● **BRIEF**: The output must match the lines from the first line of the listing below through the line holding "데이리스타 멸균우유 1L X 12" exactly and must contain no pictures.

● **DATA FOR THIS TASK**:
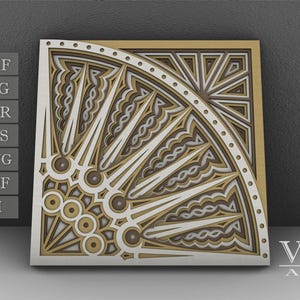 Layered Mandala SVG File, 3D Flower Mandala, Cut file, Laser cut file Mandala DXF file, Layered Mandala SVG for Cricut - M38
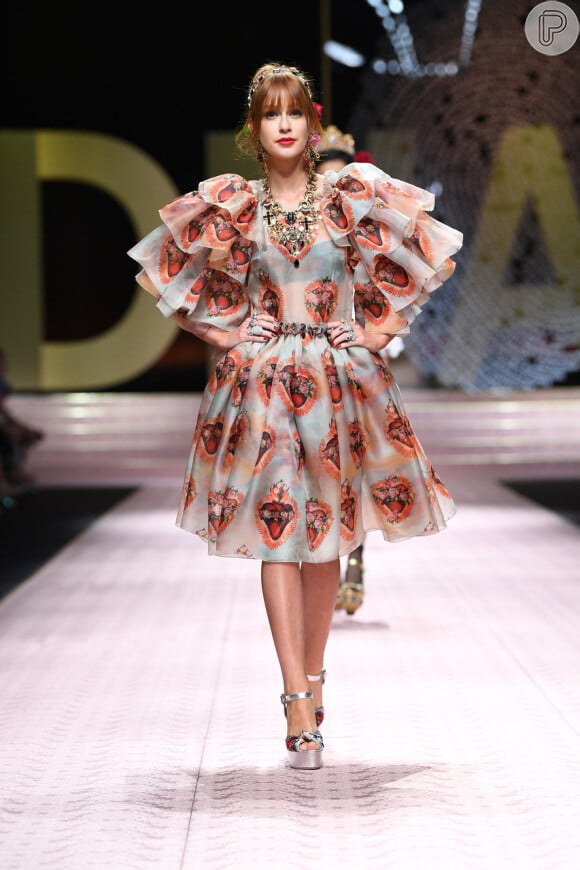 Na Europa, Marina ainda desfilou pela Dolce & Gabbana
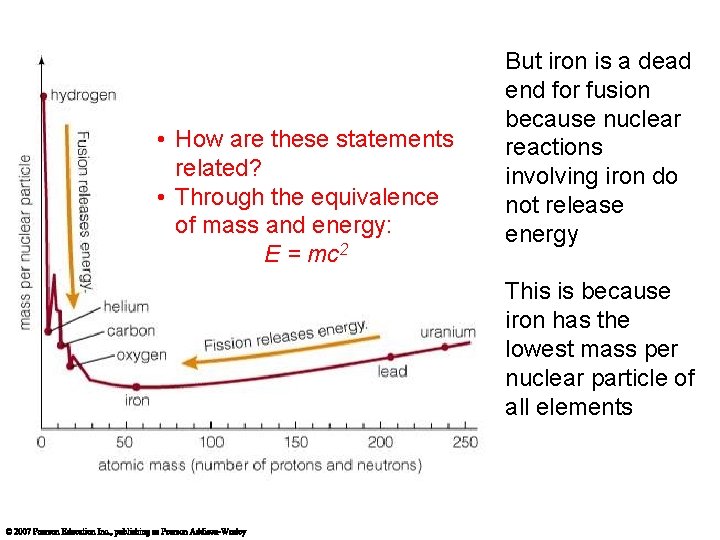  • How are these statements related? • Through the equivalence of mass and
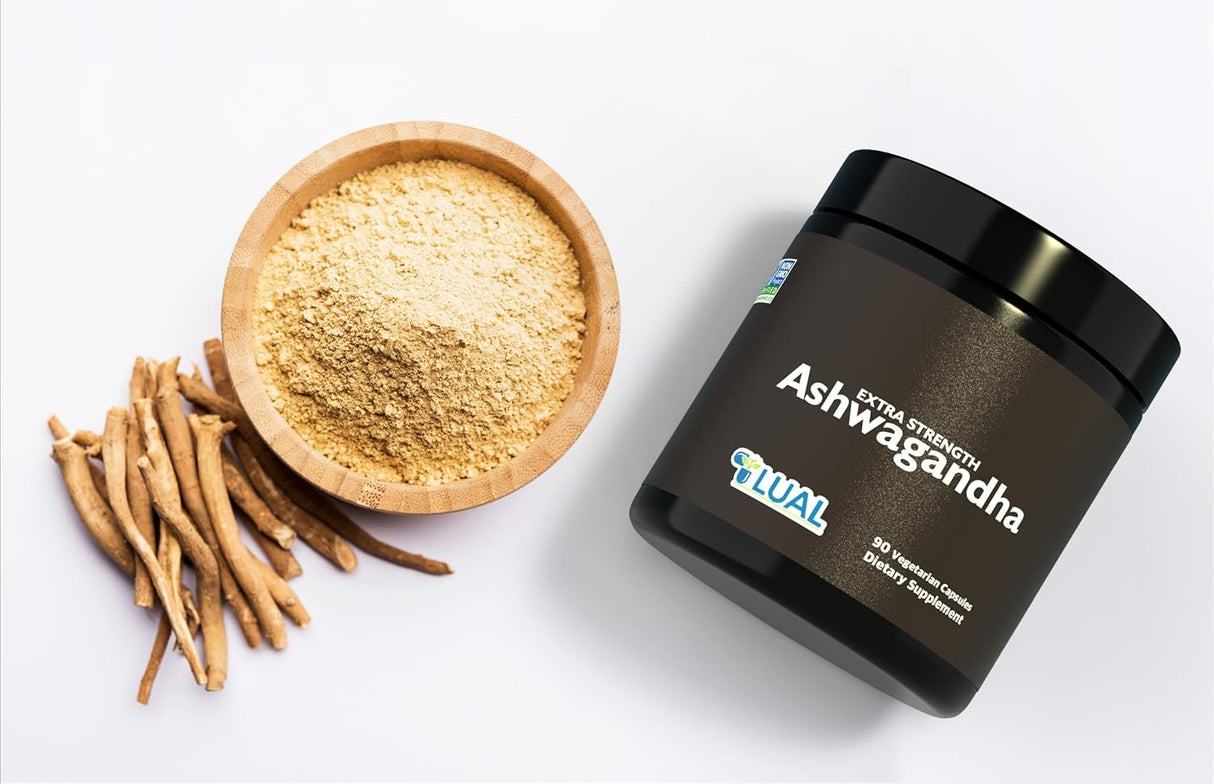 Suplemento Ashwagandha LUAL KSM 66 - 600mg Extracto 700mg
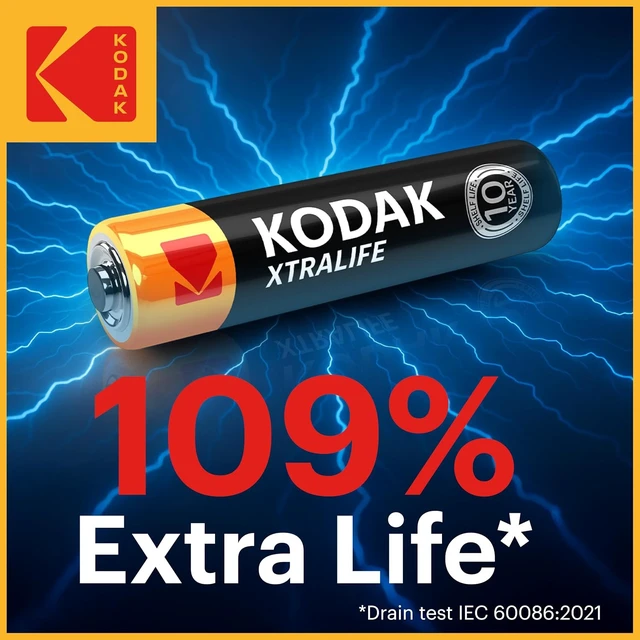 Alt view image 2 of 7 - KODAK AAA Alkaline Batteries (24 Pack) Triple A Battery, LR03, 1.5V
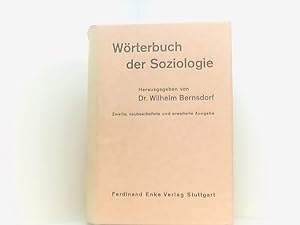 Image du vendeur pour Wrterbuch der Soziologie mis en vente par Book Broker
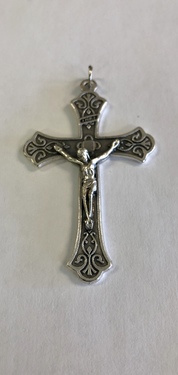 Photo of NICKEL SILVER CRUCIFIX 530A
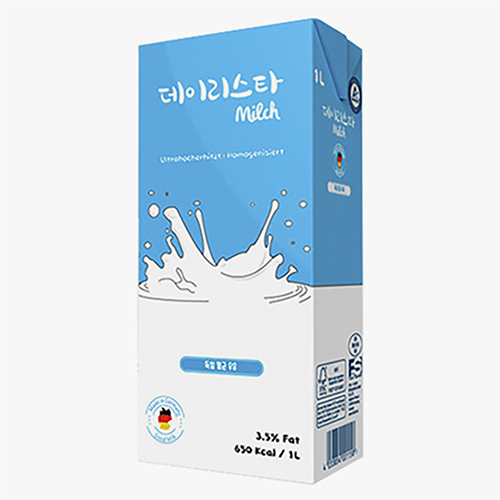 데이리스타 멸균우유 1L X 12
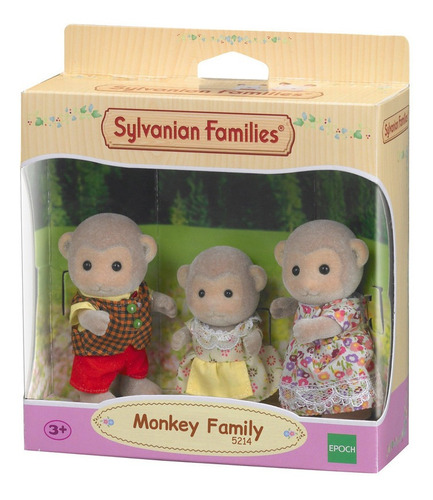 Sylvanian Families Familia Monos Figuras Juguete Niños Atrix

● **TASK ANSWER**:
 Layered Mandala SVG File, 3D Flower Mandala, Cut file, Laser cut file Mandala DXF file, Layered Mandala SVG for Cricut - M38
 Na Europa, Marina ainda desfilou pela Dolce & Gabbana
  • How are these statements related? • Through the equivalence of mass and
 Suplemento Ashwagandha LUAL KSM 66 - 600mg Extracto 700mg
 Alt view image 2 of 7 - KODAK AAA Alkaline Batteries (24 Pack) Triple A Battery, LR03, 1.5V
 Image du vendeur pour Wrterbuch der Soziologie mis en vente par Book Broker
 Photo of NICKEL SILVER CRUCIFIX 530A
 데이리스타 멸균우유 1L X 12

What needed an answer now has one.